◆ GIVEN RECORDS
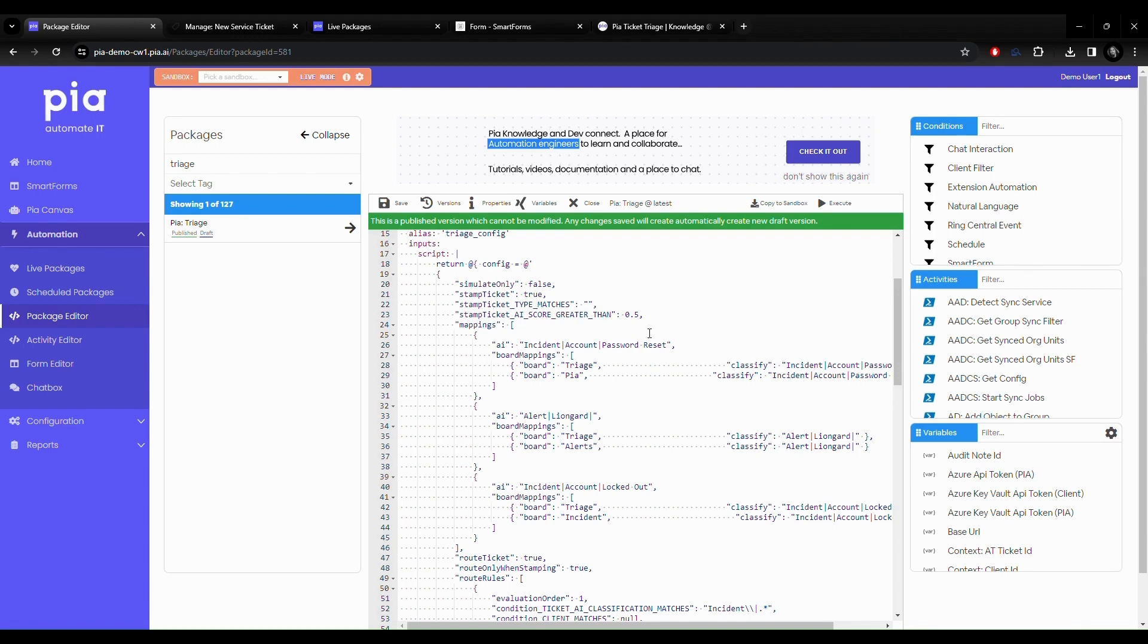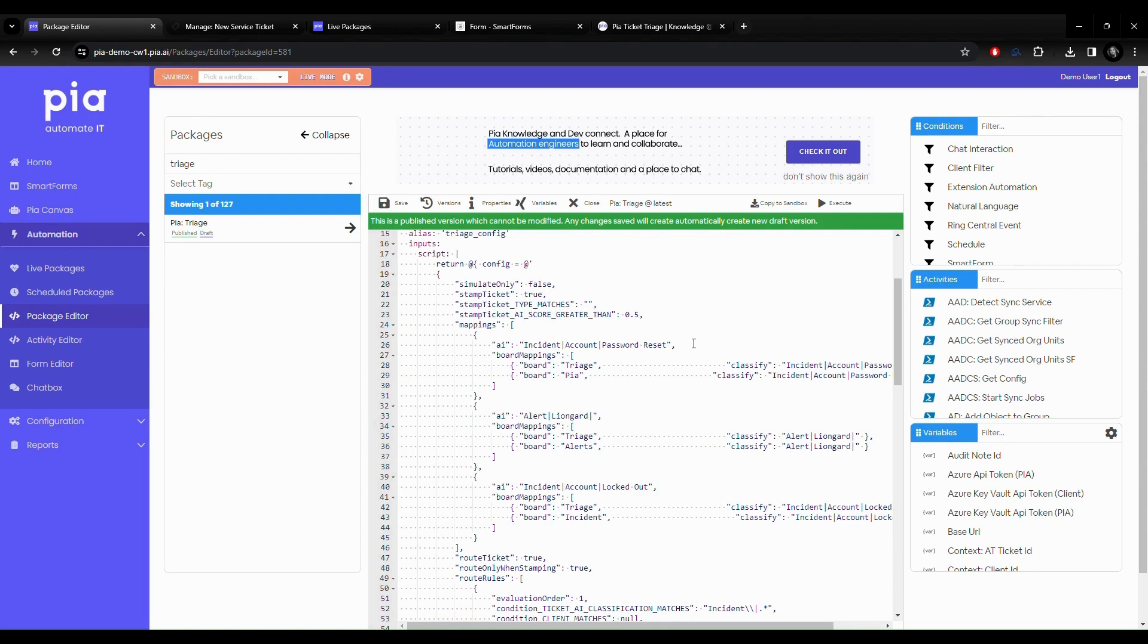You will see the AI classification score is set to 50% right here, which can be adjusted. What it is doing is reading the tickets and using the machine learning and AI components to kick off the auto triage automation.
==
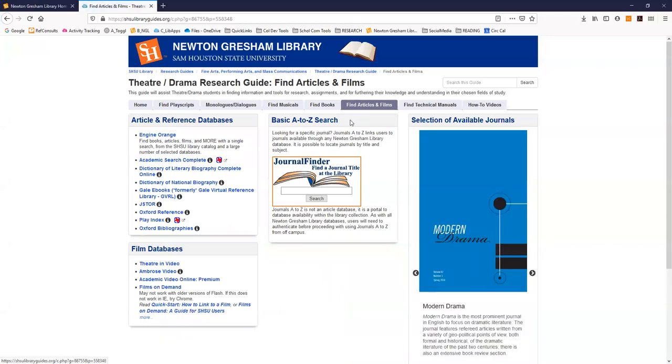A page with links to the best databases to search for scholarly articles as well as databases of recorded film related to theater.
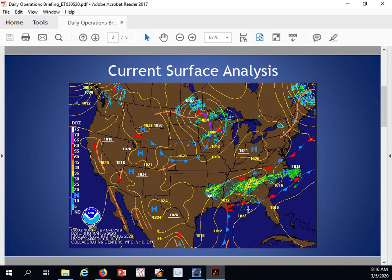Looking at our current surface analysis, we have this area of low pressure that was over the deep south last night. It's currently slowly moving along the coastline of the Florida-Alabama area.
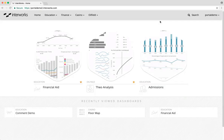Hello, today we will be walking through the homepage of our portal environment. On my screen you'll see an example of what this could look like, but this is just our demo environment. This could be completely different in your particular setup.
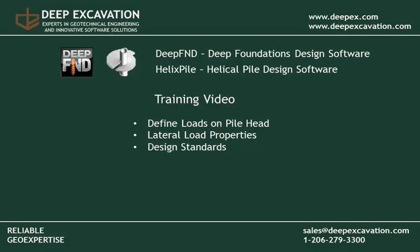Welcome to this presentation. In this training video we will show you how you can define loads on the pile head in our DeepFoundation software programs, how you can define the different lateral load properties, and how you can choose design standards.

◆ PROBLEM STATEMENT
Only the lines above from the one with "A page with" to the one with "Welcome to this" should be printed, both included and exactly as written; no picture belongs in the copy.

◆ TASK RESULT
A page with links to the best databases to search for scholarly articles as well as databases of recorded film related to theater.
Looking at our current surface analysis, we have this area of low pressure that was over the deep south last night. It's currently slowly moving along the coastline of the Florida-Alabama area.
Hello, today we will be walking through the homepage of our portal environment. On my screen you'll see an example of what this could look like, but this is just our demo environment. This could be completely different in your particular setup.
Welcome to this presentation. In this training video we will show you how you can define loads on the pile head in our DeepFoundation software programs, how you can define the different lateral load properties, and how you can choose design standards.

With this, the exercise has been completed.